Brennan Day: Respectfully, the 2022 amendments are taking effect on the third, which is a couple days from today. So I’m just wondering. They focused on rights and patient rights and involuntary care and what the duty of the province was to inform patients of what rights they had under the bill. The bill we’re talking about today is firming up liability for those people that are getting sectioned under the bill.

So I guess I’ll try and ask the question slightly differently. If the 2022 amendments that are coming into effect two days from now are aimed at safeguarding patient rights and autonomy, why wasn’t provider immunity addressed then, or is this to make up for that change?

Hon. Josie Osborne: The question around timeline of the bill has been asked and answered.

The Chair: I do encourage the members to move on to a different line of questioning at this time, please.

Claire Rattée: At this point, I would like to try and move another amendment, please, that has slightly different, slightly softer wording compared to the amendment that I brought forward previously, and again, for the exact same reasons that I had stated before.
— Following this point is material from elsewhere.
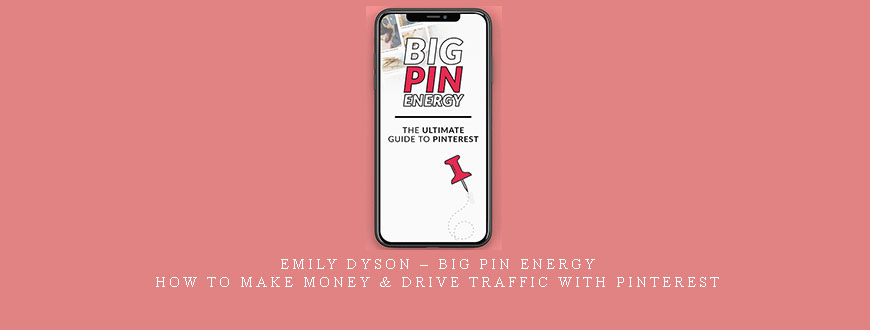 Emily Dyson – Big Pin Energy – How To Make Money & Drive Traffic With Pinterest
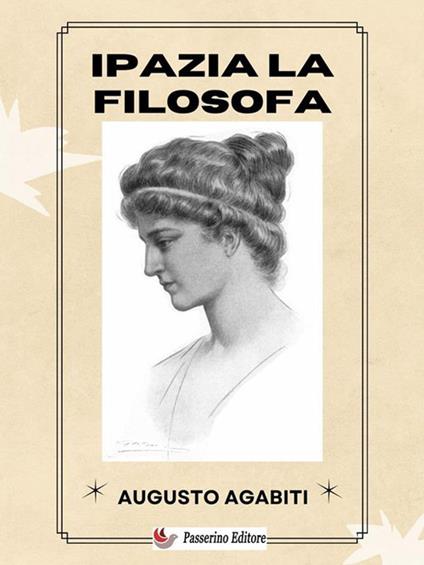 Ipazia la filosofa - Augusto Agabiti - ebook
I do think that there is a significant lack of clarity around where the authority is actually given within the act. I struggle with the idea that both sections have always worked in tandem to provide authority, and yet, section 8 isn’t referenced in any of the materials that have been put forward by the government, by the health authorities, by the chief scientific adviser.

So I apologize, I know that this probably feels very redundant, but I really would urge people to give thought to how important it may be in the long run to actually clarify this for clinicians, for patients and for the legal community about where this authority is actually coming from.

So I would like to move an amendment that section 31 is amended by repealing subsection (1)(b) in subsection (2) by striking out “a patient to whom subsection (1) applies” and substituting “a patient who is detained in a designated facility under section 22, 28, 29, 30 or 42 or is released on leave or is transferred to an approved home under section 37 or 39” and (c) by adding the following subsection (4): “For certainty, nothing in this section limits the authority of a director under section 8 to authorize treatment for a patient detained under this act.”

The Chair: This committee will go into recess very briefly while copies of the amendment are made for the members. I have 17:03. If I can see everybody back in their seats by 17:07, please.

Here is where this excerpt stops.